ALBUQUERQUE, N.M. — A legal challenge by a Washington-based testing company may halt a controversial assessment exam in New Mexico and could tangle up other states using the same test.
A Santa Fe judge is scheduled to hear arguments Tuesday in an appeal by the American Institutes for Research who wants to limit a potentially multi-year contract given to Pearson for Common Core testing.
Last year, the London-based Pearson was awarded a contact given out by states belonging to a consortium for the Partnership for Assessment of Readiness for College and Careers exam, or PARCC.
According to court documents filed in Santa Fe District Court, the New Mexico Public Education Department’s requirements “unlawfully restricted competition by including a number of specifications that heavily favored one particular vendor and effectively precluded competition by requiring the use of one vendor’s propriety system” among other limitations.
New Mexico is a member of a PARCC consortium that originally included 11 other states and the District of Columbia.
That consortium, court documents say, “had an irreparable conflict of interest” in helping shape requirements for the contract that was crafted especially for Pearson.
AIR wants to reduce Pearson’s contract to a year and is seeking another bidding process for later contact years following a ruling by the New Mexico purchasing agent that the bidding process was fair.
John F. Kennedy, an attorney representing New Mexico, did not immediately return a phone message from The Associated Press.
A court ruling in favor of AIR could force New Mexico to open up bidding again, putting the future of the exam in the state in jeopardy and spark similar legal challenges in other states.
In Mississippi, the Board of Education adopted the PARCC tests on a one-year emergency contract after a state contract review board ruled that the multistate PARCC consortium chose vendor Pearson PLC without the competitive process required under Mississippi state law. The state is trying to award a new testing contract, although Mississippi officials say Pearson could still be chosen.

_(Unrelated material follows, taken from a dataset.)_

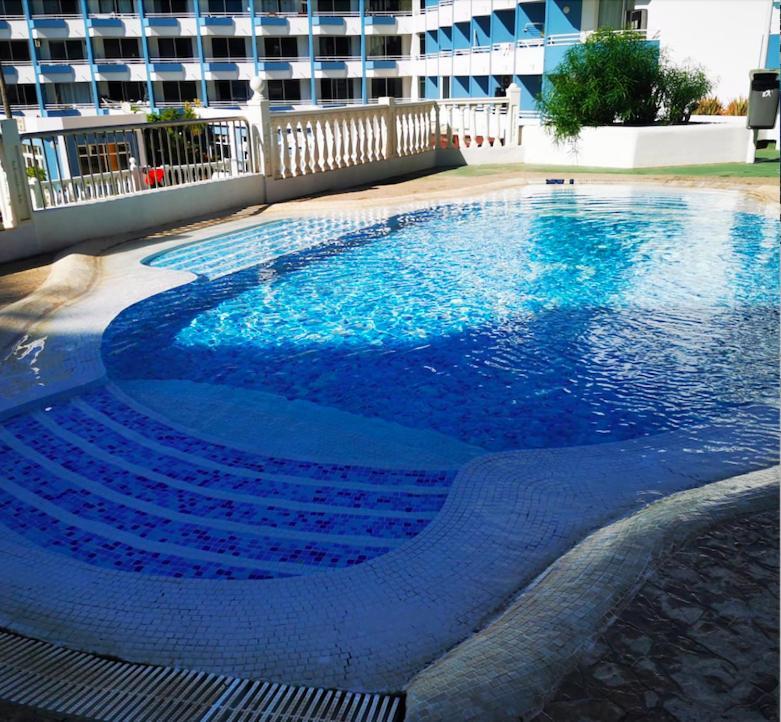 Sunny Loft, Golf Del Sur, Wifi, Parking Free Apartment San Miguel de Abona Luaran gambar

Mississippi also recently withdrew from the PARCC consortium amid anti-Common Core sentiments.
The backlash came as millions of U.S. students started taking the rigorous tests aligned with Common Core standards that outline math and language skills that should be mastered in each grade.
Last week, hundreds of high school students across New Mexico walked out of schools to protest the PARCC.
The Common Core test fulfill the requirement in the federal No Child Left Behind law for annual testing in reading and math in grades three to eight and again in high school. But as Congress seeks to rewrite the education law, there’s debate over whether the tests should be required by Washington, and whether students are being tested too much.